Matriculation examination grades
| Grade | Abbr. | Points | English explanation | Literal translation | Percentage of participants |
|---|---|---|---|---|---|
| laudatur | L | 7 | outstanding | lauded (praised) | Top 5% |
| eximia cum laude approbatur | E | 6 | excellent | approved with exceptional praise | 15% |
| magna cum laude approbatur | M | 5 | very good | approved with great praise | 20% |
| cum laude approbatur | C | 4 | good | approved with praise | 24% |
| lubenter approbatur | B | 3 | satisfactory | gladly approved | 20% |
| approbatur | A | 2 | pass | approved | 11% |
| improbatur | I | 0 | fail/unsatisfactory | not approved | bottom 5% |

The magna cum laude approbatur grade was introduced in 1970 and eximia cum laude approbatur in 1996. Laudatur grades achieved before 1996 are now counted as eximia cum laude approbaturs.

==Higher education==

Universities typically use grading scale from 0 to 5:

| Finnish grade | English explanation | US equivalent | German equivalent | Dutch Equivalent | Greek Equivalent |
|---|---|---|---|---|---|
| 5 | excellent | A | 1.0 | 8.5-10 | 10 |
| 4 | very good | B+ | 1.7 | 8-8.5 | 9 |
| 3 | good | B− | 2.3 | 7-8 | 8 |
| 2 | satisfactory | C− | 3.0 | 6-7 | 7 |
| 1 | pass | D | 3.7 | 5.5-6 | 6 |
| 0 | fail / insufficient | F | 5.0 | fail / insufficient | < 5 |

As a rule of thumb, passing an examination requires obtaining 50% of the maximum points in the examination. There is almost no grade inflation in Finland and students' grade averages of over 4.0 are rare. In fact, it is not uncommon for an examination to be failed—or passed with grade 1—by most students.

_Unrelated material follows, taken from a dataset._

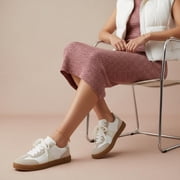Cushionaire Balance Lace Up Women's Sneakers - Casual Tennis Shoes for Women with Memory Foam and Slip Resistant Outsole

Before Autumn 2005, grades from 0–3 were in use (0 = failed, 3 = very good/excellent) and can be seen in older certificates. Some courses have also been graded on a conditional system of either pass or fail.

Master's theses are typically graded with either the above scale, or by the Latin system used in high school matriculation exams, see above. In the grading of Master Theses, there is also non sine laude (N) between lubenter (B) and cum laude (C). In the 19th century, grade admittitur "admitted" was used as the lowest passing grade, below approbatur. Contrary to the upper secondary school however, the grade laudatur is typically used very rarely (significantly less than 5% of theses). Indeed, laudatur is often reserved for exceptional students and it is typically awarded for a thesis only once in 5 to 10 years. In practice, eximia is often considered as the best grade available and it best corresponds to a grade of 5 in the 0–5 scale. Some universities (e.g. University of Turku or University of Helsinki) have switched to grading Master's Theses using the 1–5 grading scale (see below).

Doctoral theses are usually evaluated by pass or fail, although some universities use the Latin system, or the scale from 0 to 5. Some universities award a grade of "pass with distinction" (kiittäen hyväksytty) for the top 10–15% of theses awarded.